Om te leren fietsen moest je wel het lef hebben van Max Verstappen. Je vader hield je zadel vast, net zo lang tot je je evenwicht kon bewaren (zijwieltjes hadden we nog nooit van gehoord) en dan liet hij je los! Fietsen ging eigenlijk best gemakkelijk in die tijd, je had toen nog doortrappers en als je wilde stoppen ging je boven op de trappers staan en terug trappen. Dit lijkt eenvoudig maar was niet zo. Je kon fietsen, maar dan ineens kwam het besef, hoe stop ik, want de grond leek ver weg op zo’n hoge fiets. Mijn broer dacht de oplossing te hebben gevonden. Hij ziet een boom, hij fietst er naar toe, laat het stuur los en grijpt naar de boom.

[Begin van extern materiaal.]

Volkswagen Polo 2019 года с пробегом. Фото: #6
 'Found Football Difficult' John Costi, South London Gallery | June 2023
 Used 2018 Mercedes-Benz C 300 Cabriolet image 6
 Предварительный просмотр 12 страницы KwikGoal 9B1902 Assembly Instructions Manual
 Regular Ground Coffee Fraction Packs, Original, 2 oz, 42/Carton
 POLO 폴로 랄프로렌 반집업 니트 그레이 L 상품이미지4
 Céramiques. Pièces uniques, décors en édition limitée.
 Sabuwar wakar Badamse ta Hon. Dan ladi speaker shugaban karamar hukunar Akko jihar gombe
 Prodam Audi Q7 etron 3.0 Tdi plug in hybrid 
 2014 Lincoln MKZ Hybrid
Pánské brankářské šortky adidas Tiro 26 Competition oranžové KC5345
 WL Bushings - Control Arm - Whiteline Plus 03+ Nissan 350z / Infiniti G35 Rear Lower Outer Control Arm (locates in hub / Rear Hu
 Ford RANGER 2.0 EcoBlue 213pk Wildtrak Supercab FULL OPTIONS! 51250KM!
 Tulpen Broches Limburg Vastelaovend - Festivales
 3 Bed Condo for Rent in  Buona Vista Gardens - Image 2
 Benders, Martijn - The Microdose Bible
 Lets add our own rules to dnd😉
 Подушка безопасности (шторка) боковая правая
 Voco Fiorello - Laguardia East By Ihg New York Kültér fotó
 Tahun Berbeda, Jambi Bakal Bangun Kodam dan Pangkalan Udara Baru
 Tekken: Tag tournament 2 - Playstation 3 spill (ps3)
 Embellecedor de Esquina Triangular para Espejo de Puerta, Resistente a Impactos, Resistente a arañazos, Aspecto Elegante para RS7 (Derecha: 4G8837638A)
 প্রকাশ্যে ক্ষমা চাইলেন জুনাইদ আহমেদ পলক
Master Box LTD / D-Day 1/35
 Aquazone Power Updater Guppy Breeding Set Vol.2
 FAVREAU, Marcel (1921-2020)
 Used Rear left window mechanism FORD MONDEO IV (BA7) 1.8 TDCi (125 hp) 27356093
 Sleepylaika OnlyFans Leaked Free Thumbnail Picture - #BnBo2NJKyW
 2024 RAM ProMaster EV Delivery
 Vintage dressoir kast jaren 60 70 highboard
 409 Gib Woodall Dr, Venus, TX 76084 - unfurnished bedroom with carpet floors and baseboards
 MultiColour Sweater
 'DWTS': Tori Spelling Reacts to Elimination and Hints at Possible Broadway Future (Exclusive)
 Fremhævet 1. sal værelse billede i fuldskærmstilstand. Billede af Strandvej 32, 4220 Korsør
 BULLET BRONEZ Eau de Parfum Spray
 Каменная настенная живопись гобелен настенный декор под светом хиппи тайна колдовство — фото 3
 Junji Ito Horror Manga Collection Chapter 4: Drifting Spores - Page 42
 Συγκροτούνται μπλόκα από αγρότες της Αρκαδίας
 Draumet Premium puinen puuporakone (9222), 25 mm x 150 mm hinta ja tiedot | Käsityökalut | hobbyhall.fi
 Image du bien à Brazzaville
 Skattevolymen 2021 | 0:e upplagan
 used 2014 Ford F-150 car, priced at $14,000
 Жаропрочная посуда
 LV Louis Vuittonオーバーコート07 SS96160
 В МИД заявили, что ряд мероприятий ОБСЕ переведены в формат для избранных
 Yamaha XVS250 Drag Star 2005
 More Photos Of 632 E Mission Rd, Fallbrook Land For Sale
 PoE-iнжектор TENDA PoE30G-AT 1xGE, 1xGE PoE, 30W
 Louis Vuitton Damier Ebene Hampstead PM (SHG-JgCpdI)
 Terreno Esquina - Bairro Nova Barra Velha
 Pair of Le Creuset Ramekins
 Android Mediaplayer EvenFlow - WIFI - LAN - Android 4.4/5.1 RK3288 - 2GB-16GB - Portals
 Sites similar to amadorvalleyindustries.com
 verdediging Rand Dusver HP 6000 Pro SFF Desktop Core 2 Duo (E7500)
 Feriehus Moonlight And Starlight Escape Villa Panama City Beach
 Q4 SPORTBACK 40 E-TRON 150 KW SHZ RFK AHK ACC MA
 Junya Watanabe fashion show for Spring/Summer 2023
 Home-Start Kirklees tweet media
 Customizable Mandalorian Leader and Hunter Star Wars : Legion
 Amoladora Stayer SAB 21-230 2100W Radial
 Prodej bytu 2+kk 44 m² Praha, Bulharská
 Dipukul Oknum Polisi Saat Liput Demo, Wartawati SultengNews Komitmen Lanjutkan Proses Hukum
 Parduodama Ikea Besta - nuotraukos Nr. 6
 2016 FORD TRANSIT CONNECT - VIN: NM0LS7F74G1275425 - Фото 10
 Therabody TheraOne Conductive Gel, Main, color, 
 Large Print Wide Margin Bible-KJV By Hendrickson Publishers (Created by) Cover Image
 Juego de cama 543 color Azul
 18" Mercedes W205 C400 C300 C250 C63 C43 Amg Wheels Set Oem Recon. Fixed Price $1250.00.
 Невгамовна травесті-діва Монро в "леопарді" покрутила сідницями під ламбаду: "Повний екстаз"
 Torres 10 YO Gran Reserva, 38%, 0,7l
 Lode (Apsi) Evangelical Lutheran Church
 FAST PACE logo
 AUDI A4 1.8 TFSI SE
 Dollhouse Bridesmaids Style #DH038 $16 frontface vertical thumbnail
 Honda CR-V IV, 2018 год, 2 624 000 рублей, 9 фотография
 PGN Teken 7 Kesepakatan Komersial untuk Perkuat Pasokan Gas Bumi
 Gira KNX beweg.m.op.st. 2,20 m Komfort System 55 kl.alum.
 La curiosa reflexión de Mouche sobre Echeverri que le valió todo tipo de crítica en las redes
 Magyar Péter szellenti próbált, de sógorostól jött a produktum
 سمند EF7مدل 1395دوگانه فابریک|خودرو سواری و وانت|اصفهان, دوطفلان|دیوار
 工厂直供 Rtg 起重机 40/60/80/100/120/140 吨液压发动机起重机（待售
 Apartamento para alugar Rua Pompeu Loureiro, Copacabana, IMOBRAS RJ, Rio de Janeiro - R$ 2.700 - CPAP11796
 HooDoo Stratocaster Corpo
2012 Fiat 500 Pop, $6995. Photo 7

Volgens mij heeft mijn broer de schors nog voor zijn hoofd zitten. Een slecht idee? Mijn idee was om op het gras te rijden en dan op goed geluk springen. Na een dag oefenen had je dit meestal wel onder de knie en dan kon je de straat op.
Het Noorderdiep was in die tijd een nogal ronde weg, maar er bleek een addertje onder het gras te zitten. Want je stapte op de fiets, hup voet op de trapper, een paar keer huppen en daar ging je (de oudere dames stappen nog altijd zo op, geleerd in de kindertijd) Maar ja, het stuur sloeg direct linksaf door de ronde weg, gevaarlijk richting onderwal van het kanaal. Paniek… wat nu? Remmen, fiets over de kop, fiets in het gras en ik in de onderwal. Een paar verschrikte toekijkende ouders en ik met een paar natte voeten weer omhoog klauterend. Op dat moment beloofde je plechtig dat je nooit meer ging fietsen, maar ja je ouders hadden de fiets niet voor niets gekocht. En heel eerlijk, ik had schatten van ouders, maar toen kwamen er toch wel wat scheurtjes in de relatie.
Na een heftige discussie met mijn ouders (die ik verloor) moest ik weer op de fiets. Nu beginnend aan de kant van de weg en verdraaid ik kreeg al weer een beetje zelf vertrouwen. Eigenlijk ging het toen zeer goed en fietste ik steeds harder. Ik keek zelfs achterom, want ter hoogte van de Zwoai (niet het zwembad) moest ik keren, hup over de bult draaien andere kant van de weg terug. Maar er kwam ook een plof (brommer) aan en ik schrok, lette niet goed op en klabats languit over de straat. Een half uur later, na een overtuigende discussie en met twee pleisters voor de knieën en ellebogen ging ik met een tweede poging de straat weer op.
Het opstappen had ik nu onder controle, maar nu het afstappen, remmen, stoppen en afspringen nog. Dat ging aardig goed, er waren twee methodes. Afspringen met je benen aan één kant of een been aan iedere kant. Deze methode leverde vaak ook weer twee pleisters op, want de trappers met blokken tegen je hakken was ook geen pretje. De oudere vrouwen onder ons zie je nog steeds afstappen met een hupje, hup van de zadel en afspringen naar één kant. Kinderen van tegenwoordig doen dit heel anders, doordat deze direct een fiets op maat krijgen. Dus dat hupje zal binnen kort wel uitsterven. Maar als ik de oudere dames zo zie afstappen dan denk ik altijd terug aan mijn eerste fietsles!